CD, critique. GOUNOD : mélodies. Tassis Chrystoyannis, baryton / Jeff Cohen, piano – 1 cd APARTE. Baryton mordant et souple, d’une diction flexible et détaillée, précise et nuancée, Tassis Christoyannis a construit pas à pas une solide carrière d’interprète qui sur les planches est complétée par un réel talent d’acteur : classiquenews en a témoigné dans les dernières productions présentées à l’Opéra de Tours chez Puccini (Il Tabarro) ou chez Mozart (superbe et électrique Don Giovanni). En diseur, le chanteur relève les défis de la prosodie et de l’articulation du français avec la même intelligence propice, dévoilant non sans légitimité, le génie du Gounod mélodiste.
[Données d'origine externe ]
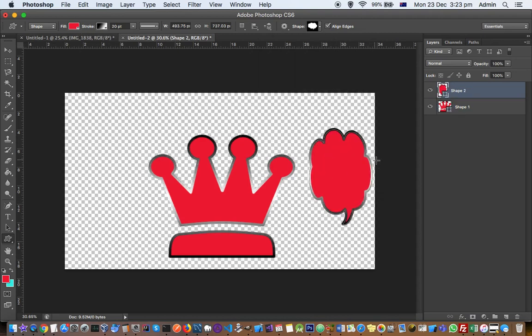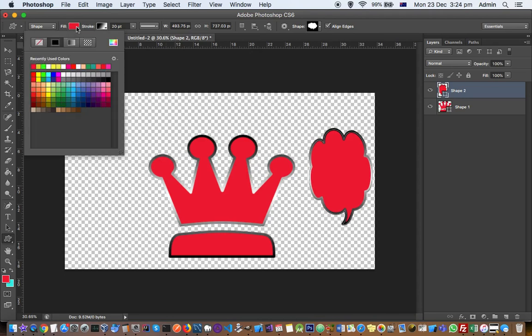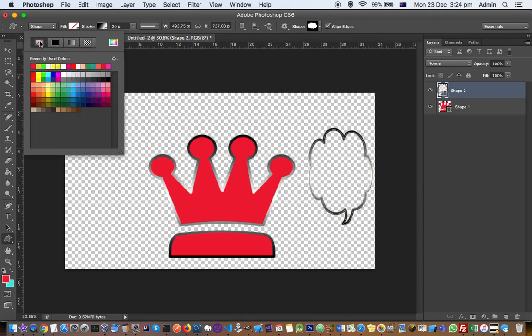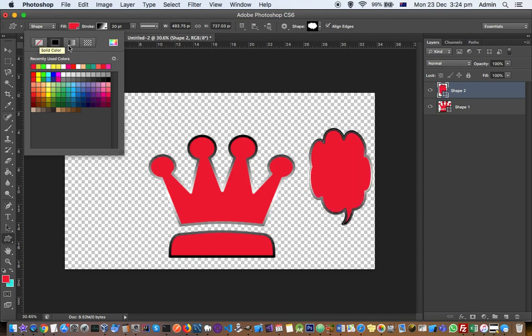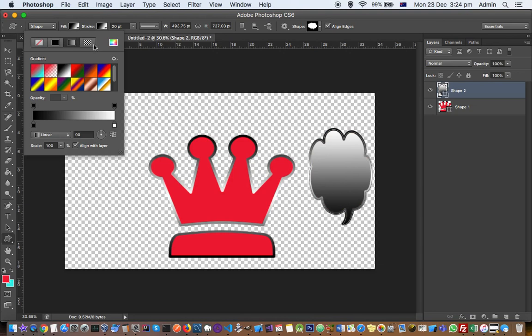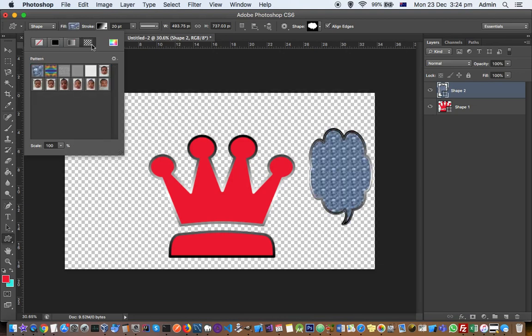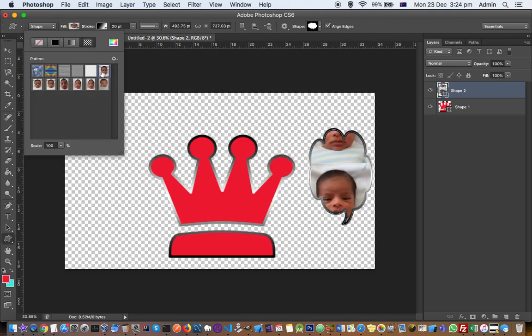You can change the fill color from here. If you don't want any color, you can select this option. If you want to fill it, there are different variations as well. You can also fill it with a pattern.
Or celui ci demeure méconnu, il a pourtant laissé plus de 120 titres dont le tiers en … anglais (composées lors de son exil entre 1870 et 1874 à Londres, après la chute du Second Empire ; et ici, représentées par les 3 mémorables : Maid of Athens, Good night, Sweet baby, sleep…).
Le génie du Gounod mélodiste enfin révélé
De Berlioz et ses Nuits d’été, on retrouve d’ailleurs le poème de Théophile Gaultier : « Ma belle amie est morte », mis en musique par Gounod, en ouverture de ce fabuleux programme, d’autant mieux convaincant, qu’il est chanté par un homme, versus une femme chez Berlioz. Complétant l’évolution du genre avant Fauré et Massenet, Ravel et Debussy, les mélodies de Gounod offrent une attention spécifique aux textes poétiques et à la ligne du piano, de moins en moins accompagnateur et plutôt complice et partenaire du chant inspiré. Le timbre du baryton éclaire de l’intérieur chaque poème, avec une acuité de sculpteur ; une aisance et une certitude détaillée qui indique aussi sa sensibilité de peintre, soucieux du caractère comme de la couleur de chaque séquence poétique. Un tel métier s’est accompli et enrichi au cours de ses précédents programmes de mélodies françaises dédiés à Lalo, de la Tombelle, Félicien David sans omettre Benjamin Godard. Avec Gounod, la suavité lumineuse et ce mordant linguistique sont ciselés avec davantage encore de suggestion nuancée (comme de flexibilité, passages en voix mixte comme en voix de tête). Un travail d’orfèvre qui sauve enfin notre connaissance encore si confidentielle de l’histoire de la mélodie française romantique.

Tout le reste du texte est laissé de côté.